A simple, and innocent, enough question. However, is it aimed at saving you (and your firm) time or is it intended to remove you from your chair?
These initiatives start sweetly enough and often with the best intentions, but in a world where Bloomberg has already automated much of its financial news nothing is sacred. Amusingly the gradual drift towards the singularity appears, if you believe the hype, to be unavoidable or thankfully nowhere near.
But must we embrace change?
We are often told we can’t fight it. History pours scorn on the luddites, itself a term of abuse in the United Kingdom and elsewhere, but the short- or even medium-term displacement of workers by machines (or indeed by other cheaper immigrant workers) is not a new fear. Governments have little fiscal capacity at present to subsidize displaced workers; a robot tax redistributed to said workers might be the only option.

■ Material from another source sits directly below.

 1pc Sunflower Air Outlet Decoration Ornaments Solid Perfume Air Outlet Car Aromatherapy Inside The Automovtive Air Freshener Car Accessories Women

Let's take an easy example --the shop till--, now restricted to a self-service checkout zone requiring one eagle-eyed cashier to watch six to eight shoppers. So what are those people doing who would have worked in a shop during college or between terms? Well they are either running start-ups (bubble or not) or they are working for Uber or Deliveroo. These are not better jobs; they are just different. And at least until the delivery bots get a lot cheaper and quicker, these spots appear relatively “safe”.
But can coding rather than gig economy delivering replace waitressing or working in a shop in an entry-level job that anyone can get? We would argue unfortunately not, since the level of skill and aptitude required is above and beyond many other roles. The naïve expectation that one can go to a coding boot camp and simply become the next Zuckerberg or SNAP is probably only put out by those who have something to gain.
Why? Because these successful people had extraordinary vision, execution and luck. It is like saying that because you can sit down at a keyboard and write a story, you are going to become JK Rowling.
So if we can’t all be rock stars and millionaires, many of us are left as middle children. So what should we do? Focus on roles that require human interaction. Selling complex solutions to problems is certainly going to be tougher via an electronic platform than face to face. Then again, when is the last time you went to a travel agent?
The best approach is to embrace and control what you can, but also to be aware that the introduction of technology, cheap or not, is not necessarily being done to help you. Companies won’t come to your funeral, they don’t care about your hopes and dreams, and generally they just care about their bottom line. If they tell you otherwise, they are also liars.